Fortunately, the (commodious) parking lot was almost empty when I arrived that April afternoon. I paid the $3 entrance fee, took my pick of parking spots, and headed up to the trailhead.

The first stretch of the trail was paved--universally accessible, as the sign at the base explained. Here, as elsewhere along the hike, big orange signs warned against careless scrambling:

"Now I'm never gonna climb again/slippery feet have got no traction..."

The rest of the trail was rougher--as it had to be, given the terrain--but still quite carefully maintained.

After a couple tenths of a mile (yes, the mileage was labeled that precisely on that trail), I came to the first of the falls' several cascades:

From there, the trail veered off from the falls and switchbacked up the mountainside:

...with rails and steps and such to keep the kiddies safe.

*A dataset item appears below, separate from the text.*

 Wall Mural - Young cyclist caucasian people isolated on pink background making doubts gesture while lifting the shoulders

Where it returned to the falls was a second overlook, this one with a much more comprehensive view:

See the top, way up there?

I looked my fill, then headed up more switchbacks, passing beneath a handful of interesting cliffs (and the gaze of a park ranger--no, LarLar, don't even think about taking a bite).

The trail continued up some steep stairs of yellow wood and past a third viewpoint:

then up a few more switchbacks to the final overlook:

Or, rather, underlook.

The trail continued on from there, following the now-sedate stream farther up the mountain:

But the improvements stopped there, and my legs were starting to stiffen up from all the hill-climbing I'd done that day. I rested for a moment, looking out at the steep, still-leafless walls of the Blue Ridge around me:

Sunset in an hour or so... better get back to civilization first.

then headed back down.

I'm glad I thought to visit the Falls outside of peak season--I bet lines form on all those ladderlike stairs in the summer. But I understand why, with cascades like that on display. And the trail to the top is about as accessible as the terrain surrounding a thousand-foot waterfall can possibly be. It'd be a great place to take kids... once they're old enough to consistently obey commands like "Stop right there!" and "Don't you dare climb that guardrail!", of course.

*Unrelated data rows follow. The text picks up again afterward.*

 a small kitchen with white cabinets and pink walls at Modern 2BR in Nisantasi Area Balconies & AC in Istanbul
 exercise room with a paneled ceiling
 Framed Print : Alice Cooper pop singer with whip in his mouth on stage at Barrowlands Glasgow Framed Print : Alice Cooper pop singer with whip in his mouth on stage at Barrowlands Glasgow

(...I'm gonna have a pack of monkeys on my hands someday, won't I?)

Some final food for thought: Not far from the start of the trail, there's a little fenced-off cemetery, home to two former owners of the land the falls is situated on. Up in this isolated, thin-soiled valley, their lives must have been quiet and full of hard work. I wonder what they'd think of all the crowds that come here now for entertainment?